Print the lines from the one containing "leopard pattern seamless vector 29780282" through the end of the listing below, exactly as written. Any pictures stay out.

[Data]
-- -- --

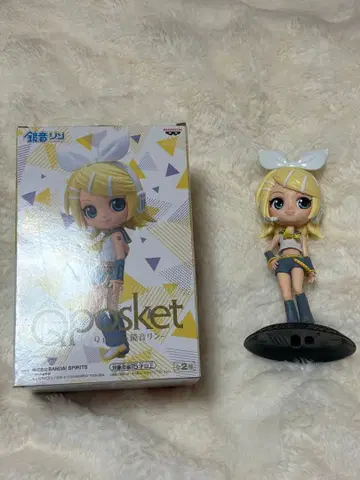 카가미네 린 피규어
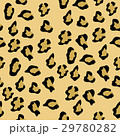 leopard pattern seamless vector 29780282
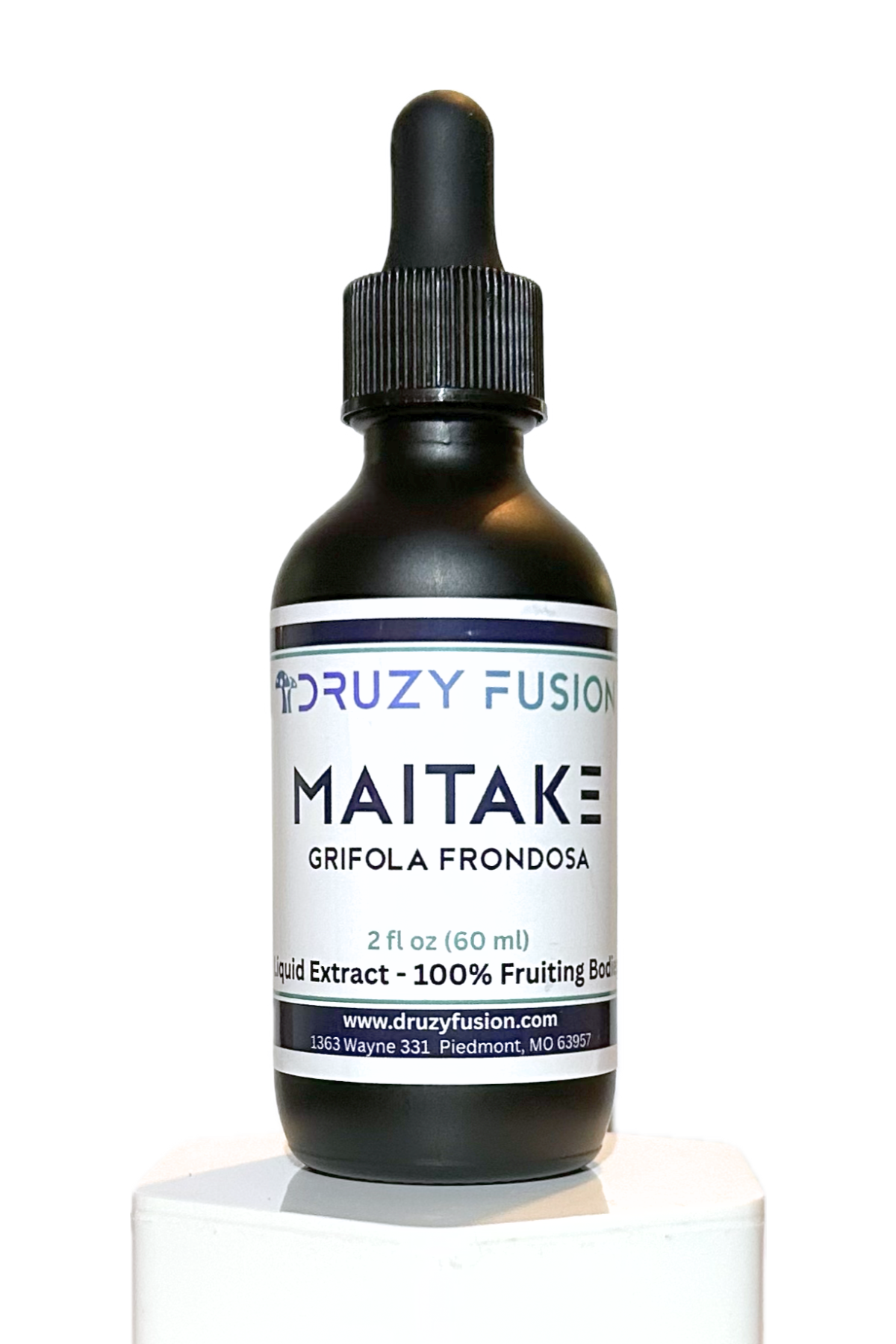 Maitake Mushroom Supplement by Druzy Fusion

-- -- --

[Task solution]
 leopard pattern seamless vector 29780282
 Maitake Mushroom Supplement by Druzy Fusion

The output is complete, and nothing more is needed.